▶ [Given records]:
=== Begin Enclosure ===
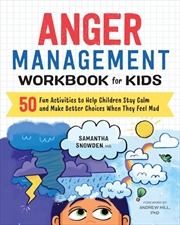 Buy Anger Management Workbook for Kids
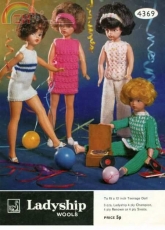 Ladyship 4369 - Dolls Outfit to fit 12 inch Dolls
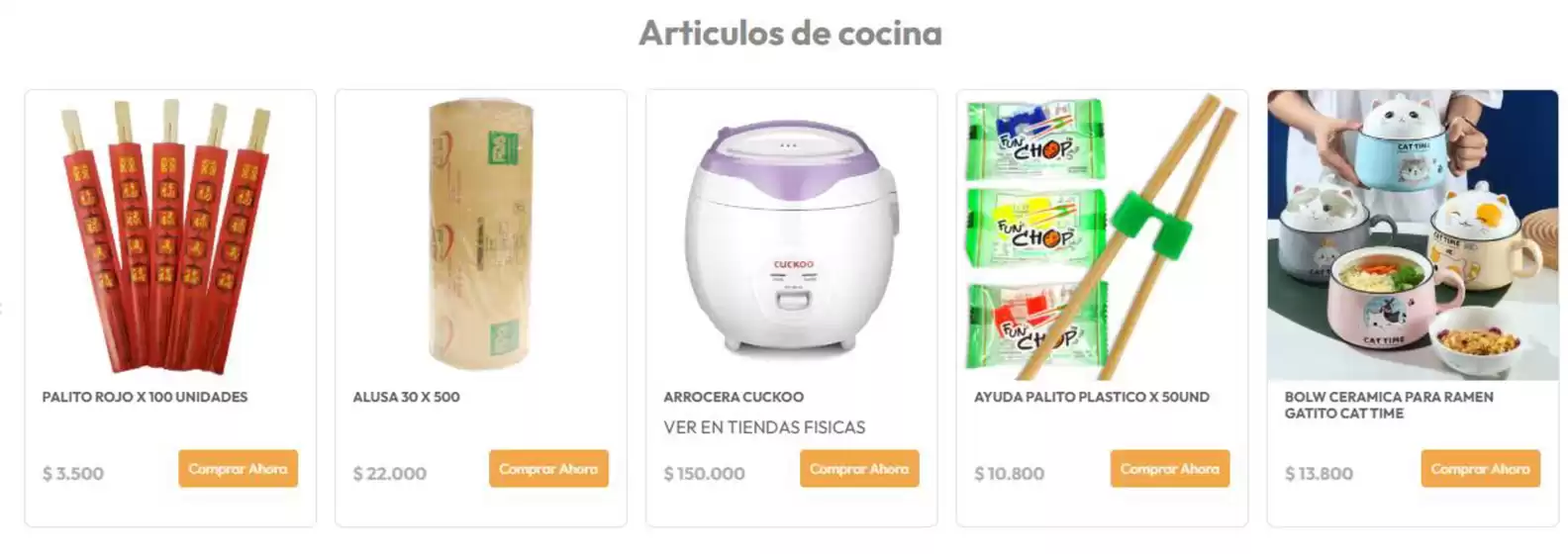 Catálogo China House Market en Recoleta | Articulos de cocina | 2026-02-12T00:00:00.000Z - 2026-03-31T00:00:00.000Z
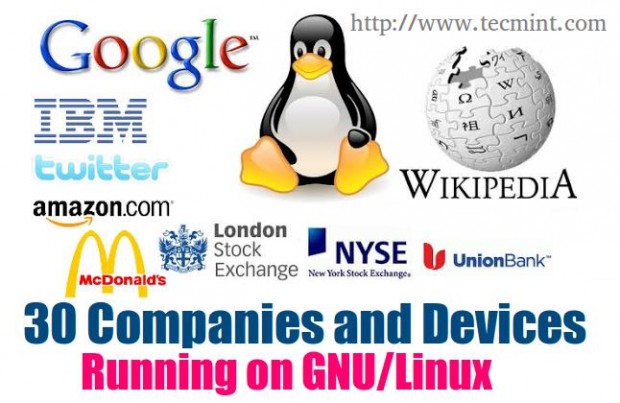 Companies Running on Linux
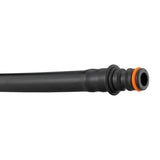 Porous Pipe Connector 1/2" Barb to Snap On Male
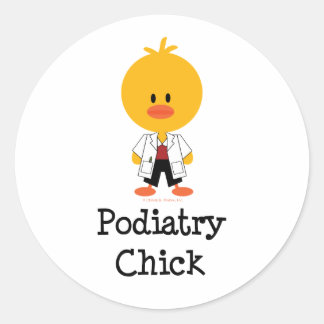 Stickers podiatrie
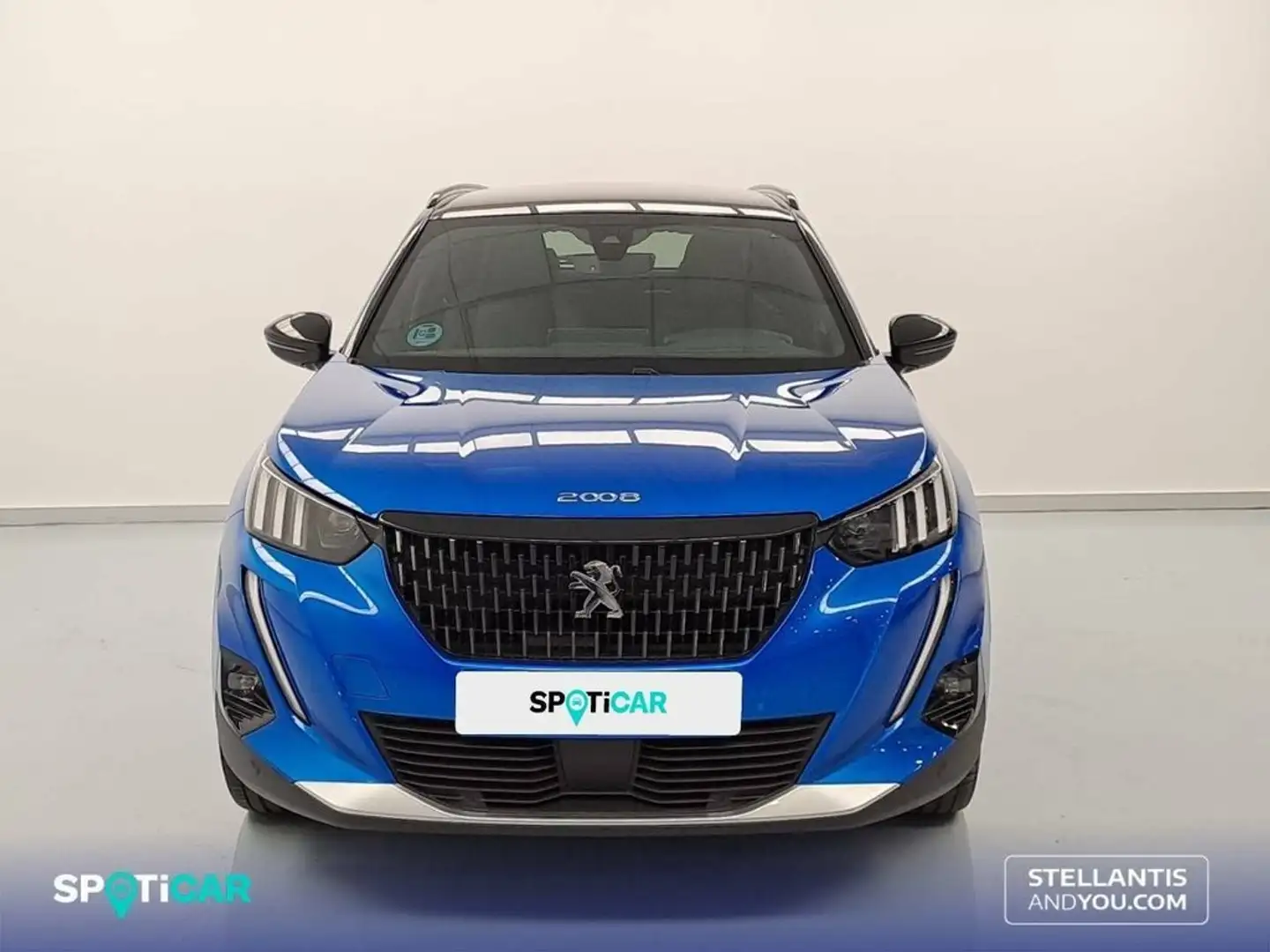 Peugeot 2008 1.2 PureTech S&S GT 130 Blau - 2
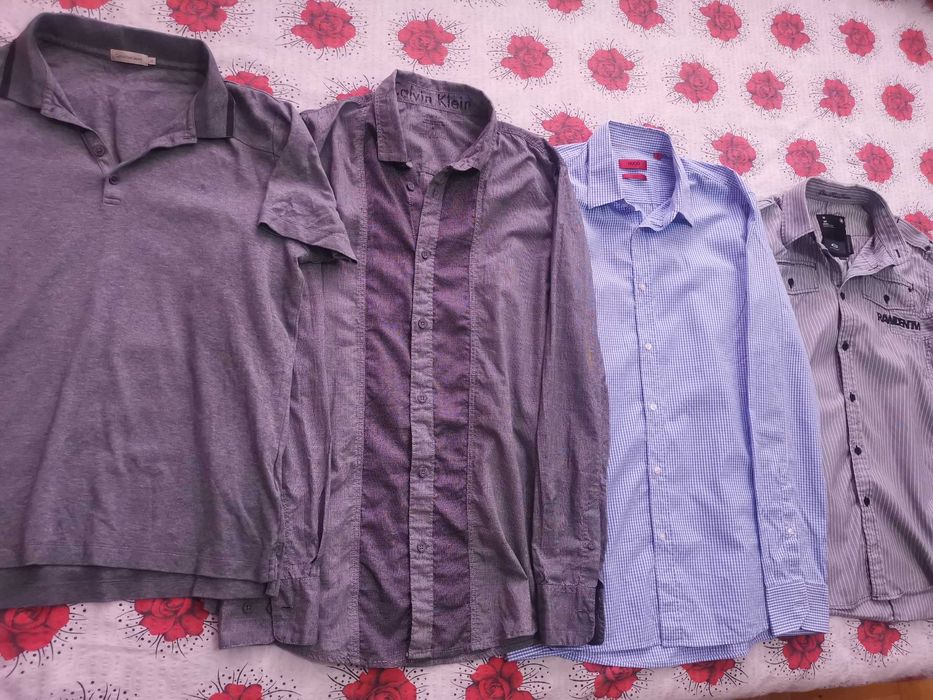 Calvin Klein, Hugo Boss, G-STAR мъжки ризи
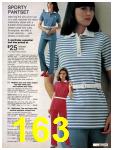 1981 Sears Spring Summer Catalog, Page 163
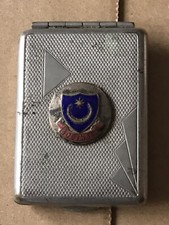 Vesta Matchbook Holder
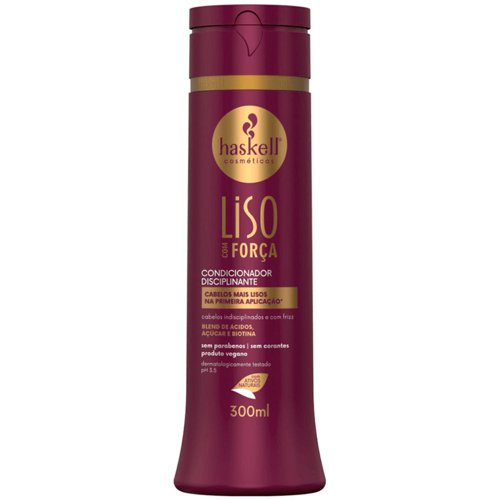 Conditioner Haskell Strong Liss 300ml
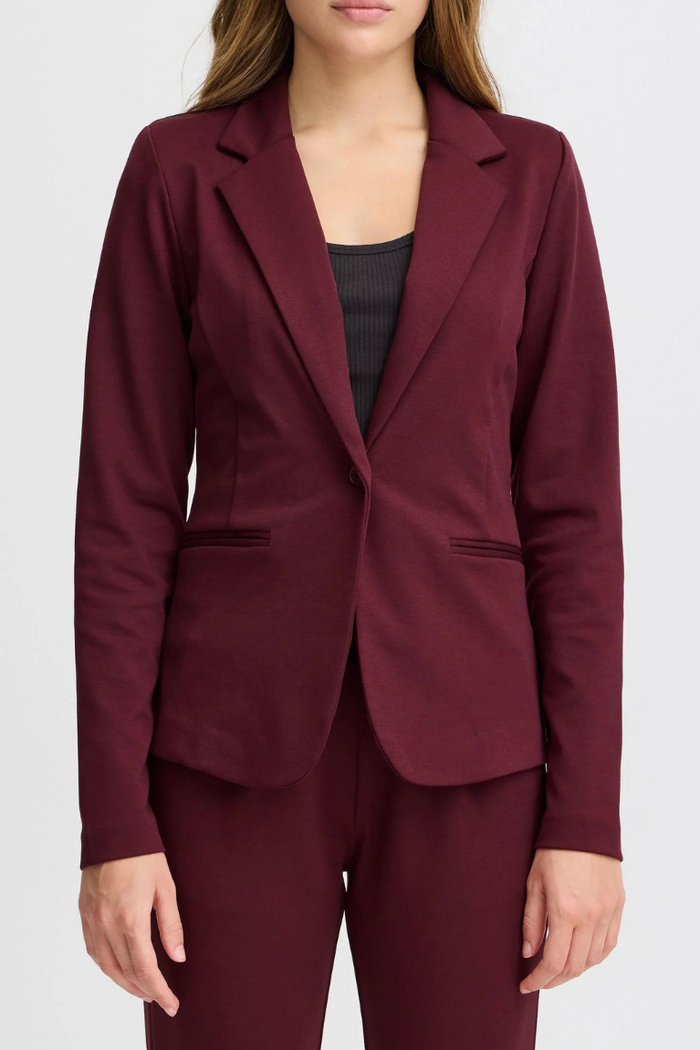 ICHI : Kate Blazer - Burgundy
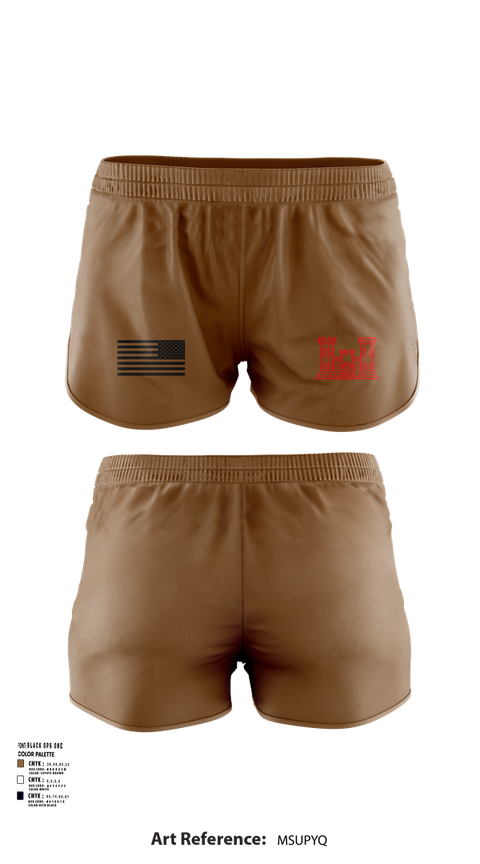 Ranger Panties, 351st EUD, , Teamtime, Team time, sublimation, custom sports apparel, team uniforms, spirit wear, spiritwear, sports uniforms, custom shirts, team store, custom team store, fundraiser sports, apparel fundraiser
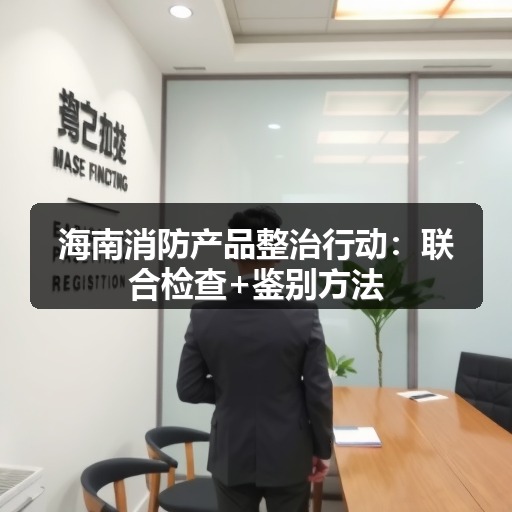 海南消防产品整治行动:联合检查+鉴别方法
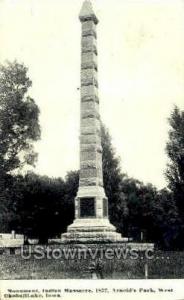 Arnold's Park Lake Okoboji IA 1914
=== End Enclosure ===
▶ [Exercise description]: Starting at the line that holds "海南消防产品整治行动:联合检查+鉴别方法", print each line through the last one of the entries above, exactly and with both ends included; no pictures.

▶ [Output below]:
 海南消防产品整治行动:联合检查+鉴别方法
 Arnold's Park Lake Okoboji IA 1914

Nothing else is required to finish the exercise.